Americans should have serious concerns about Bush's appointee, a man whose "religion" grants him permission to take an oath that he has no intention of upholding.
If Mukasey is approved by the Congress he will be sworn into office by taking the following oath:
"I (name), do solemnly swear (or affirm) that I will support and defend the Constitution of the United States against all enemies, foreign and domestic; that I will bear true faith and allegiance to the same; that I take this obligation freely without any mental reservation or purpose of evasion; and that I will well and faithfully discharge the duties of the office on which I am about to enter. So help me God."

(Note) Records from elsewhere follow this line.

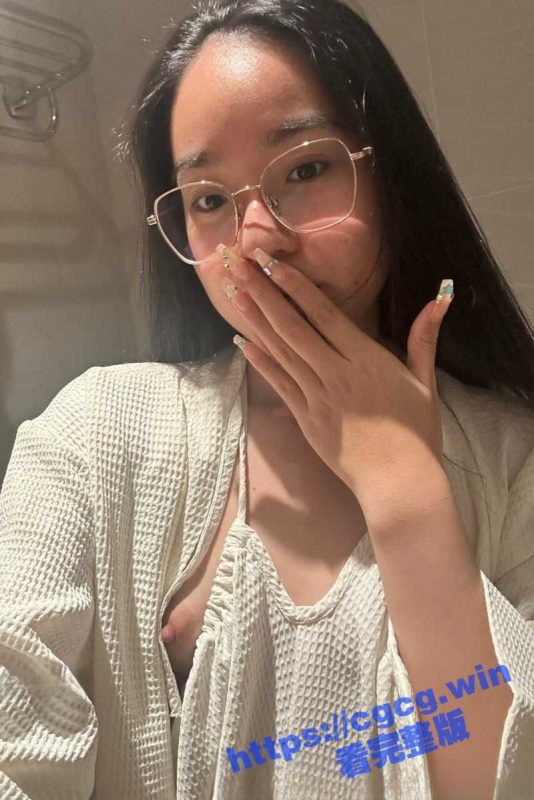 香港椒乳网红眼镜妹 mely 与男友居家性爱私拍 脸穴同框 乘骑位肥臀很有视觉冲击力！-51吃瓜网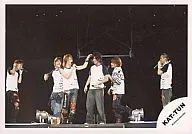 KAT-TUN/6人/横型・ライブフォト・全身・背景黒・ステージ・背景黒・Tシャツ白/公式生写真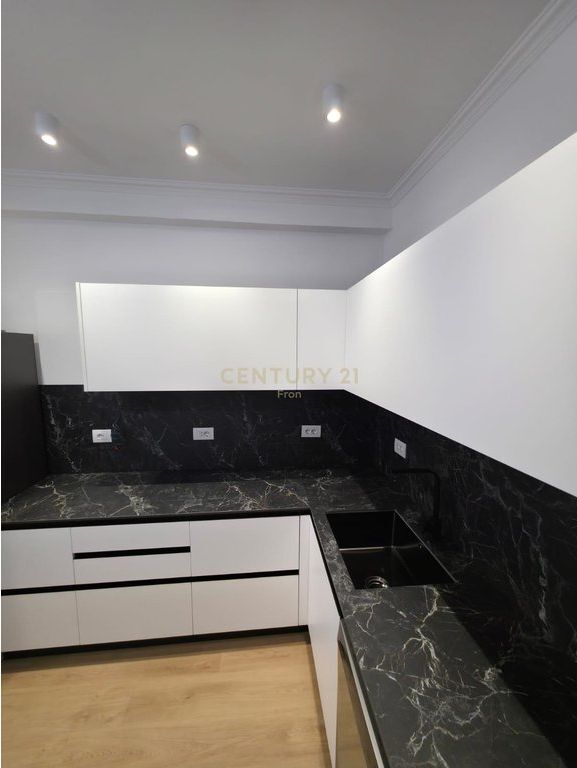 APARTAMENT 1+1 NË SHITJE RRUGA KAVAJES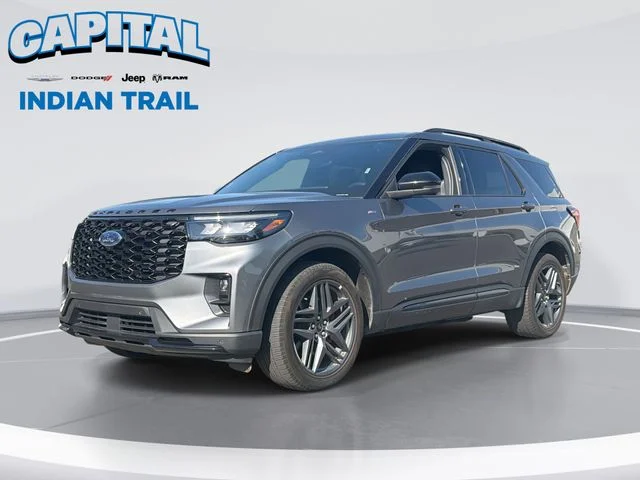 Used 2025 Gray Ford ST-Line image 1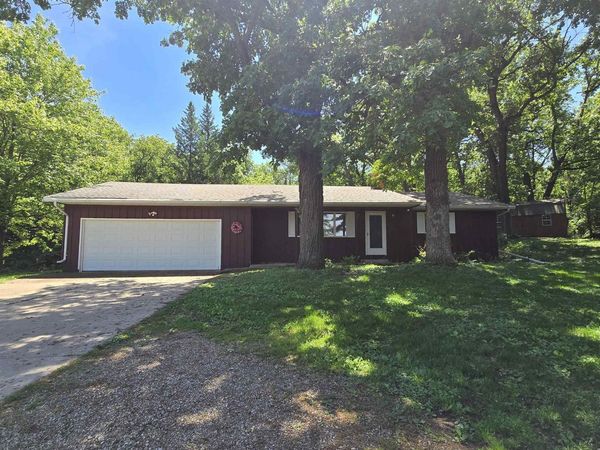 810 S 10Th Avenue E, Lake Mills, IA 50450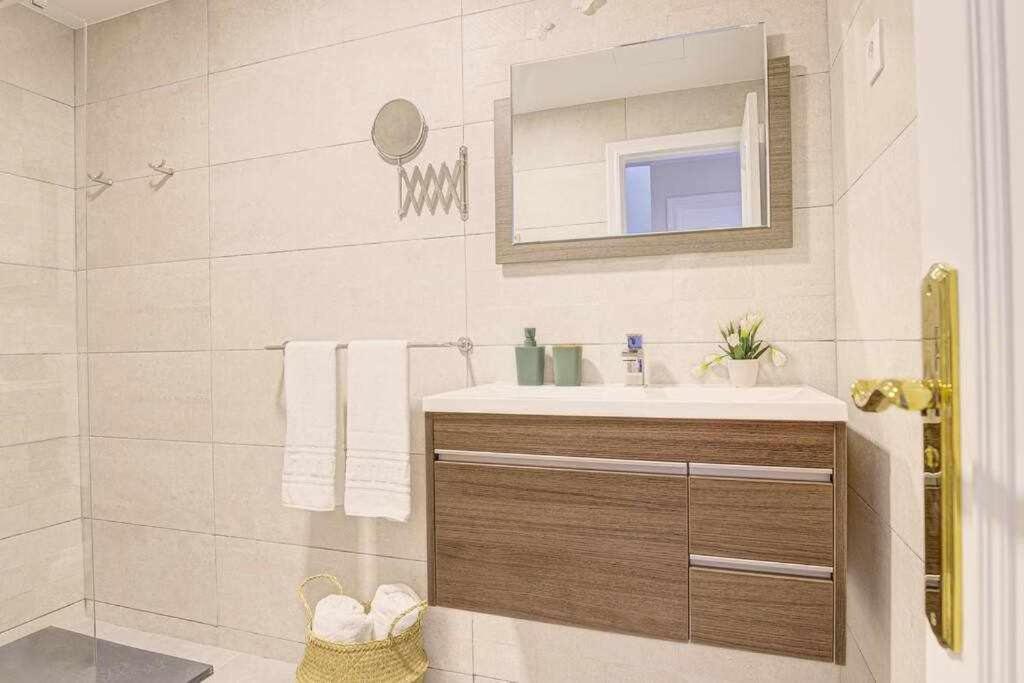 La Favorita Preciosa Villa Con Piscina Privada Corralejo Eksteriør billede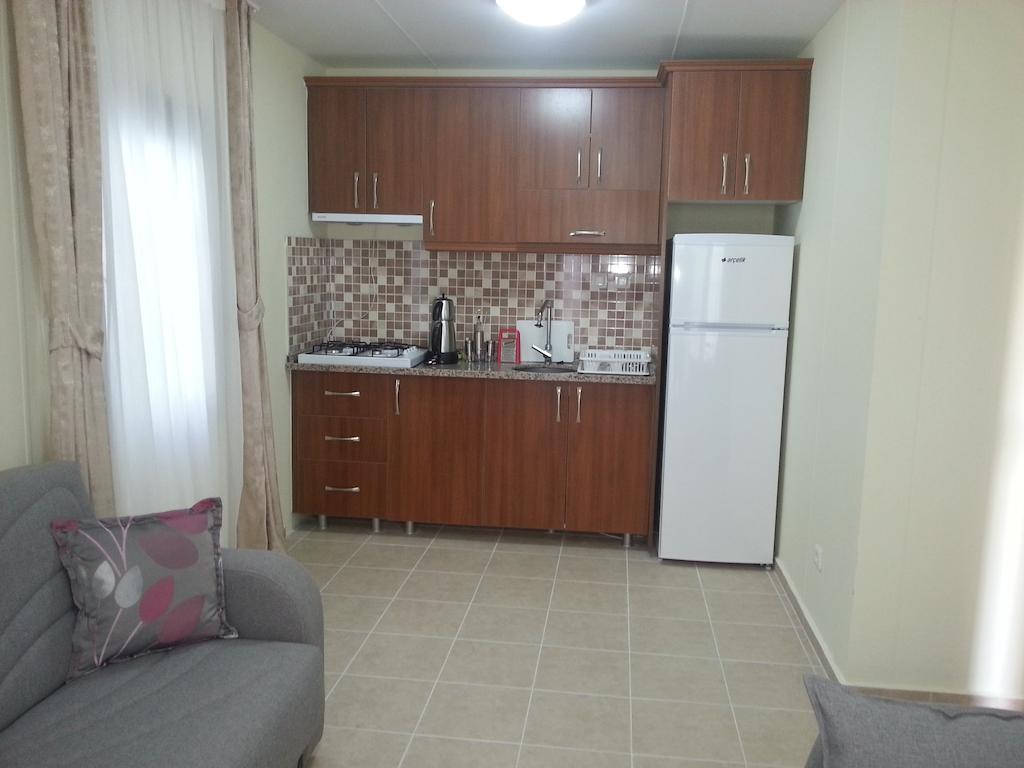 Pamilyon Apart Apartment Датча Стая снимка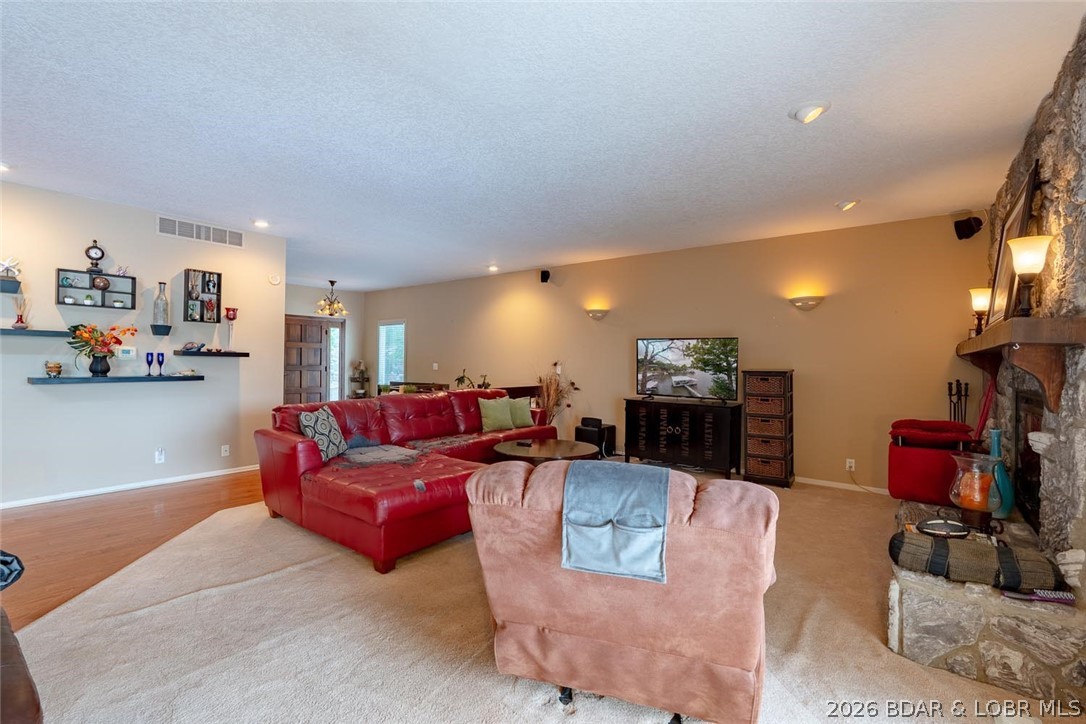 1316 Castle Court Property Photo 19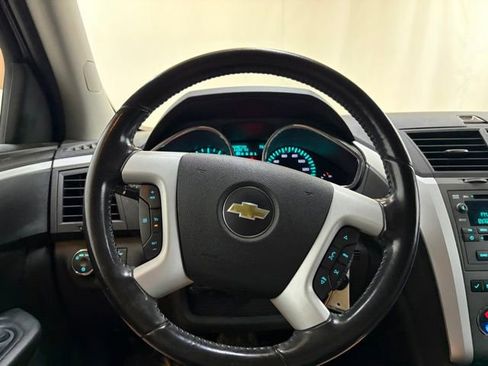 Used 2012 Chevrolet Traverse LT FWD image 38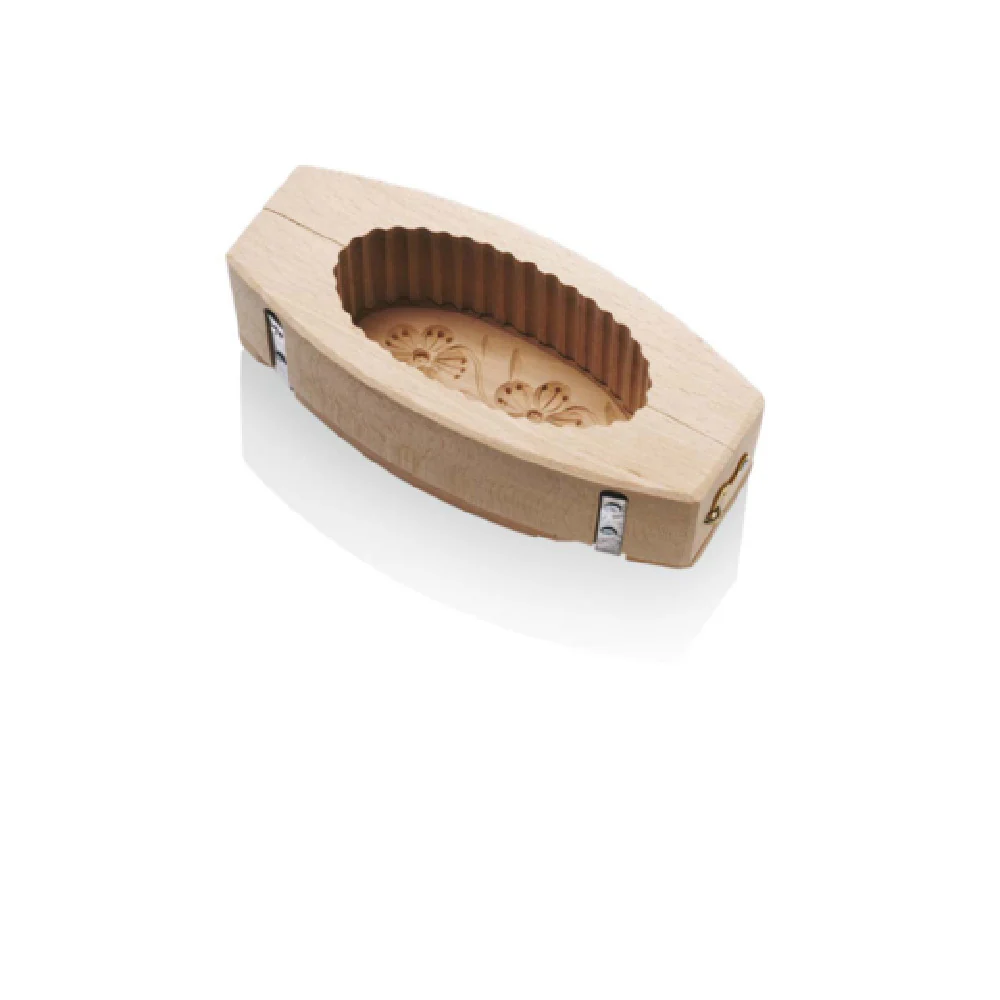 Louis Tellier BAR104 250 G Butter Mould Fluted Beechwood Oval Flower Design Louis Tellier BAR104 250 G Butter Mould Fluted Beechwood Oval Flower Design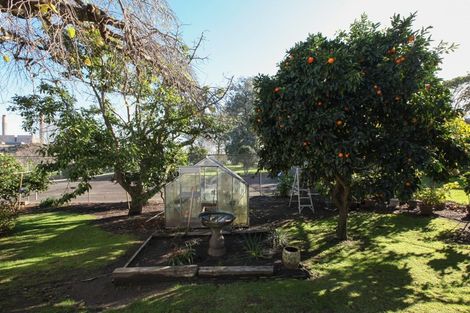 Photo of property in 112 Great South Road, Huntly, 3700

But the Kol Nidre declaration that Mukasey, as a pious Orthodox Judaic, will recite on Yom Kippur this Friday evening, September 21, 2007, will "absolve" him from the responsibility of upholding his oath of office and indeed, any promise he makes at all for the entire year.
Here is the Kol Nidre declaration (in English) that Mukasey along with all of his fellow Orthodox Judaics will recite this Friday:
"All vows, obligations, oaths, and anathemas, whether called 'ḳonam,' 'ḳonas,' or by any other name, which we may vow, or swear, or pledge, or whereby we may be bound, from this Day of Atonement until the next (whose happy coming we await), we do repent. May they be deemed absolved, forgiven, annulled, and void, and made of no effect; they shall not bind us nor have power over us. The vows shall not be reckoned vows; the obligations shall not be obligatory; nor the oaths be oaths."
Now, it is common to hear the excuse made that this declaration was created as a reaction to forced conversions in medieval Europe. This is patently false. The Encyclopedia Judaica finds the Kol Nidre existing before the eighth century:
The first reference to Kol Nidrei as a collective declaration is found in the responsa of the Babylonian geonim (beginning in the eighth century). It is stated that Kol Nidrei was familiar to them from "other lands ... (Encyclopedia Judaica, "Kol Nidrei")
However, the Talmudic precedent for the Kol Nidre dates from the early centuries A.D.:
And he who desires that none of his vows made during the year shall be valid, let him stand at the beginning of the year and declare, 'Every vow which I may make in the future shall be null.1 [HIS VOWS ARE THEN INVALID,] PROVIDING THAT HE REMEMBERS THIS AT THE TIME OF THE VOW. (Soncino Babylonian Talmud, Nedarim 23b)
How does the Kol Nidre square with the oath that all federal employees must take supplied above?
How does the Kol Nidre of these "elder brothers in the faith" of the Vatican prelates square with God's law:
You shall not lie, neither shall any man deceive his neighbour. Thou shalt not swear falsely by my name ... (Leviticus 19;11,12)
The answer, quite simply, is that it doesn't. Not by any stretch of the imagination.